Jacob A. Bennett’s WYSIHICKEN [SIC]

By mieladmin / On / In Objects

Jacob A Bennett Jacob Bennett’s untitled poem (“I cannot say if the nothing I wandered was vast…”) is in 111O/7, and it was a wonderful surprise to get an email from Jacob telling us about his new chapbook, Wysihicken [sic], out from Furniture Press Books. The cover is screenprinted by Jodi Hoover, and the run is only 75 copies. (You can also subscribe to the press’s output.) It looks like a beautiful chapbook, Jacob! Congratulations. Here’s what he has to say about the chapbook:

As far as I can tell, one of the most common questions posed to poets about their work, by poets and non-poets alike, is this: “What is it about?” When people ask what my chapbook Wysihicken [sic] (Furniture Press 2014) is about, I tell them that it’s not “about” the Wissahickon Creek, but that the creek and its surroundings are central to the human and natural history that are the book’s true subjects. I would never have begun writing the poem if I hadn’t seen and smelled and felt the physical space, been inspired, I suppose, by the same natural beauty that Poe admires, noting the “high hills, clothed with noble shrubbery near the water, and crowned at a greater elevation, with some of the most magnificent forest trees of America.” And I never would have continued to shape the poem, transforming it from a descriptive idyll into something more critical, had I not stopped to read the various placards lining Forbidden Drive, a gravel road running along the stretch of the creek that falls within the Philadelphia city limits. One placard describes modern attempts at preservation efforts, another the history of milling along the steep banks, while another connects the dots between industry and public health by explaining why what was once a public drinking fountain, with its extant inscription “PRO BONO PUBLICO ESTO PERPETUA,” is now a bricked-in edifice. And there’s the “Indian” statue that is supposed to stand in memoriam for the decimated Lenape people, but which, revealing the half-earnest sentiment behind the monument, depicts a chief wearing a war bonnet worn by tribes in the Western Plains, far from the banks of the Wissahickon.
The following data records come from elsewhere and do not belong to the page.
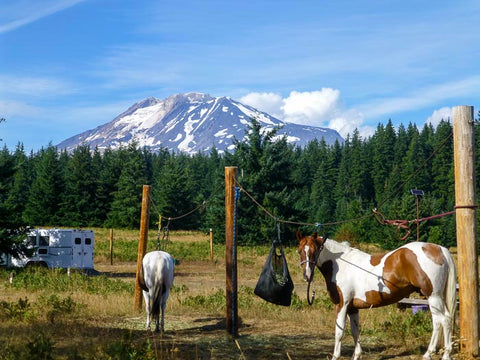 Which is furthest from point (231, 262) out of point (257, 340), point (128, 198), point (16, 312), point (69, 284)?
point (128, 198)

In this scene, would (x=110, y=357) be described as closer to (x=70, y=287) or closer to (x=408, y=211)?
(x=70, y=287)

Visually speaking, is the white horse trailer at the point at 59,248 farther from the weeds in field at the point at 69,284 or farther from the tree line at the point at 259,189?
the weeds in field at the point at 69,284

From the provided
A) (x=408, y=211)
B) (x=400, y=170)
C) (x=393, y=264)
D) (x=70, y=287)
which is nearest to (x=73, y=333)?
(x=393, y=264)

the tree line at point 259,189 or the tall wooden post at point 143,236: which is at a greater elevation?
the tree line at point 259,189

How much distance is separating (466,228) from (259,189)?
43015 mm

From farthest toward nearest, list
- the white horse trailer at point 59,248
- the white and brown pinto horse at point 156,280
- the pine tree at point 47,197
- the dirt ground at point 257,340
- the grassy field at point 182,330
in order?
the pine tree at point 47,197
the white horse trailer at point 59,248
the white and brown pinto horse at point 156,280
the dirt ground at point 257,340
the grassy field at point 182,330

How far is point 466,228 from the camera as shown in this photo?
773cm

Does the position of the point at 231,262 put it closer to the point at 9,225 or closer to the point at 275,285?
the point at 275,285

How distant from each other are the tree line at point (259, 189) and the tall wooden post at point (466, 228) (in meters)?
0.61

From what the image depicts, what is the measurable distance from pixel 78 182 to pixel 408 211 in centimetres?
4673

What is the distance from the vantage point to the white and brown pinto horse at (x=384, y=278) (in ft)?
25.4

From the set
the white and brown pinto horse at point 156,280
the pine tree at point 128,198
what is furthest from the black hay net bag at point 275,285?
the pine tree at point 128,198

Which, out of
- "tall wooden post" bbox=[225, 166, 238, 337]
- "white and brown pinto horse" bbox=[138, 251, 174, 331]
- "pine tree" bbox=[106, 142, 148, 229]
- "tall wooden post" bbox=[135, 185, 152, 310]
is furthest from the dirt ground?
"pine tree" bbox=[106, 142, 148, 229]

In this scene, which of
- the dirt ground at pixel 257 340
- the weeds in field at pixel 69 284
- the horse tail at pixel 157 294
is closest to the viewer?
the dirt ground at pixel 257 340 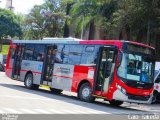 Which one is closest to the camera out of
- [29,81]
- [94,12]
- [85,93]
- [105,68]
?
[105,68]

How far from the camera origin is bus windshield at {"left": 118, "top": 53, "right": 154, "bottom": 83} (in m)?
18.7

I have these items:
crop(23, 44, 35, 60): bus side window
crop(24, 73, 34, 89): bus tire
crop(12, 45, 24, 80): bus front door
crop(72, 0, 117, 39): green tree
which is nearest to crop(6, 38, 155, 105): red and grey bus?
crop(24, 73, 34, 89): bus tire

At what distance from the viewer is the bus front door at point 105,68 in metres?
19.0

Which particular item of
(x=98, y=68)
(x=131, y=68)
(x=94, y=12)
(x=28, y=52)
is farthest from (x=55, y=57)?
(x=94, y=12)

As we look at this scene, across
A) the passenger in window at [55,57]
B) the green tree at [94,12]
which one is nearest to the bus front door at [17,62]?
the passenger in window at [55,57]

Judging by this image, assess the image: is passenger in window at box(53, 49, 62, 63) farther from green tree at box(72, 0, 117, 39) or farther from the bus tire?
green tree at box(72, 0, 117, 39)

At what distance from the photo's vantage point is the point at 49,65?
77.3 feet

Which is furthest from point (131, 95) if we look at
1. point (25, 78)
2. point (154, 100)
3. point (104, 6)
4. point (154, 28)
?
point (104, 6)

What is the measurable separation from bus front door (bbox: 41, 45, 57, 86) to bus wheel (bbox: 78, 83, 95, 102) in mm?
2977

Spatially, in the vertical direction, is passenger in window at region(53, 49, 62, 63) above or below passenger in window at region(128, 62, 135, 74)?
above

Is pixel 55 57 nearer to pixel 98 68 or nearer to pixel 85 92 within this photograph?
pixel 85 92

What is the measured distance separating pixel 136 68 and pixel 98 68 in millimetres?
1790

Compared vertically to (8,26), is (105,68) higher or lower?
lower

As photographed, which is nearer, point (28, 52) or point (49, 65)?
point (49, 65) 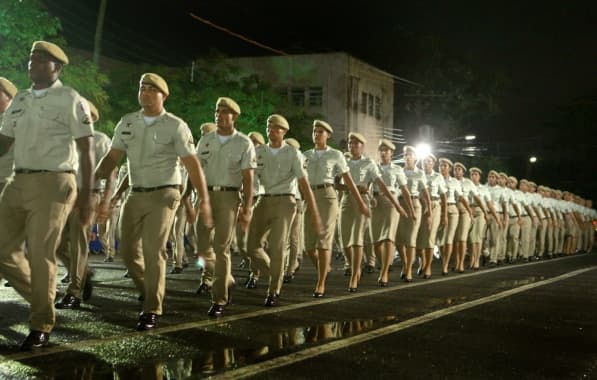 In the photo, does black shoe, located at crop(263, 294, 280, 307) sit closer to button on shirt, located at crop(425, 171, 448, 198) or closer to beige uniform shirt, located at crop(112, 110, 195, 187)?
beige uniform shirt, located at crop(112, 110, 195, 187)

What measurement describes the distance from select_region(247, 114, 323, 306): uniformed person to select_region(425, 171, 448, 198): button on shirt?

So, while the creek and the park around it are important as preservation measures, and serve to provide recreation for walkers, runners, hikers, bikers, equestrians, and anglers, the land and its history are tainted by colonial hypocrisy, racial domination, and industrial bottom-lining, and so also serves as a microcosm of American history. And I wanted to capture the mix of awe and anger I felt in response to everything I learned, and hope the poem does some justice to what my emotional and rational minds were processing.